▶ [THE TASK]: What follows is a set of records. Copy them exactly and leave out the images.

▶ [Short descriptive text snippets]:
*** Begin section ***

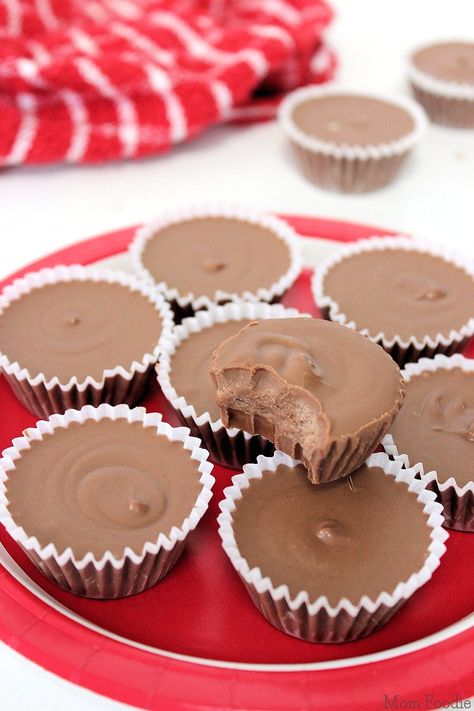 Peanut Butter Meltaways Recipe, Peanut Butter Meltaways, Chocolate Meltaways, Candy Recipes Homemade, Christmas Candy Recipes, Peanut Butter Chocolate, Peanut Butter Recipes, Homemade Candies, Candy Desserts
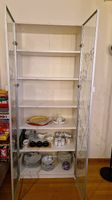 Ikea-Vitrine (älteres Modell), elegant und unbeschädigt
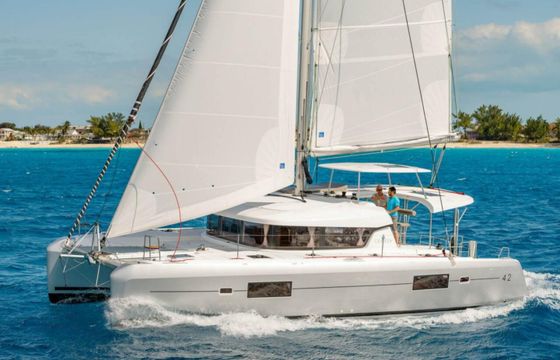 Lagoon 42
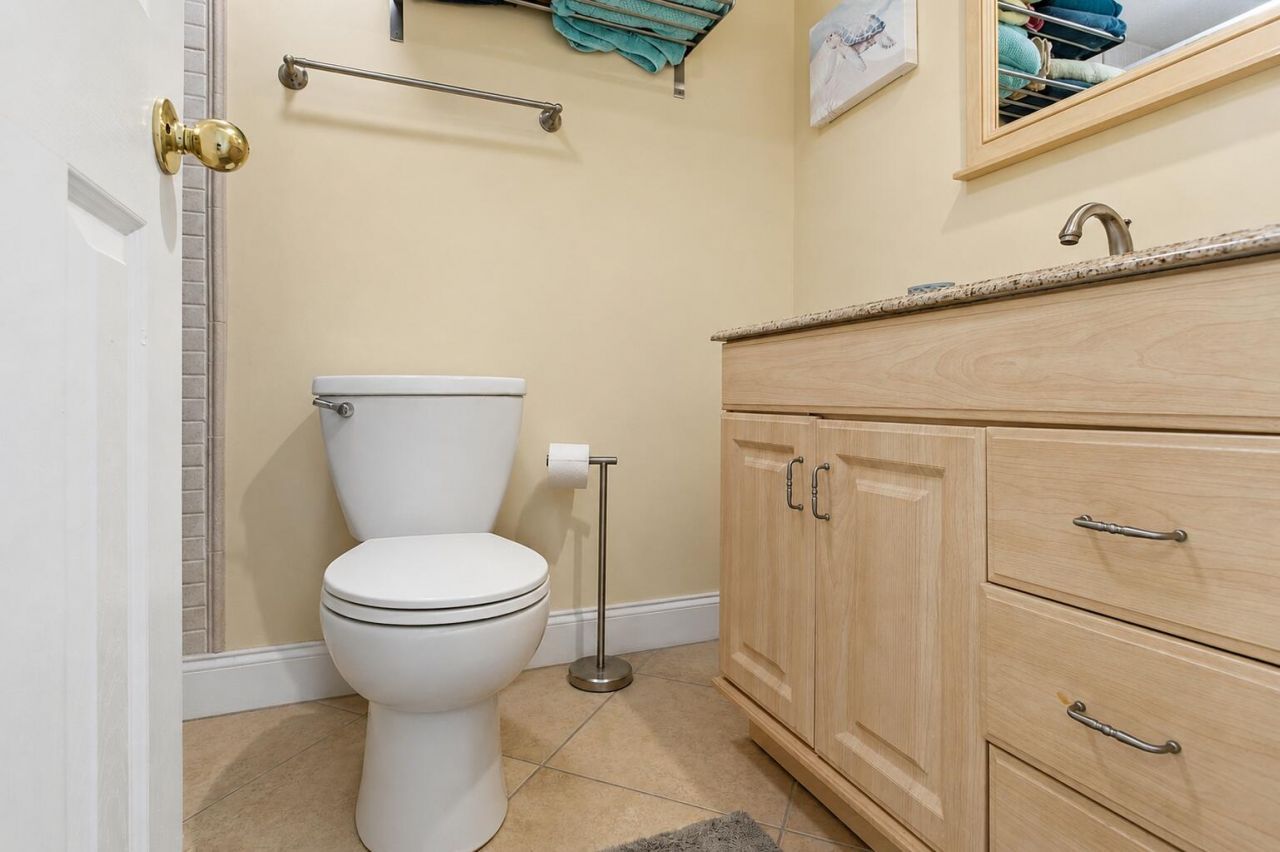 34 Colonial Club Drive, Unit 204, Boynton Beach, FL 33435 Photo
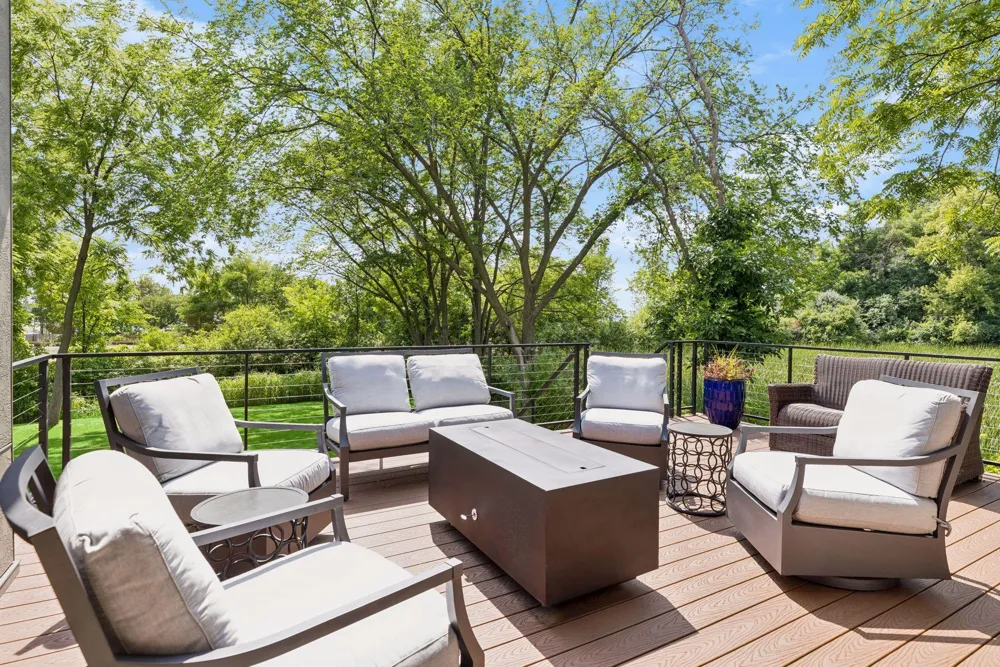 324 Hampton Street Wayzata, MN 55391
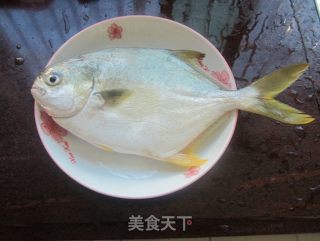 清蒸金鲳鱼的做法步骤：1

*** End section ***

▶ [REPLY TO THE EXERCISE]:
 Peanut Butter Meltaways Recipe, Peanut Butter Meltaways, Chocolate Meltaways, Candy Recipes Homemade, Christmas Candy Recipes, Peanut Butter Chocolate, Peanut Butter Recipes, Homemade Candies, Candy Desserts
 Ikea-Vitrine (älteres Modell), elegant und unbeschädigt
 Lagoon 42
 34 Colonial Club Drive, Unit 204, Boynton Beach, FL 33435 Photo
 324 Hampton Street Wayzata, MN 55391
 清蒸金鲳鱼的做法步骤：1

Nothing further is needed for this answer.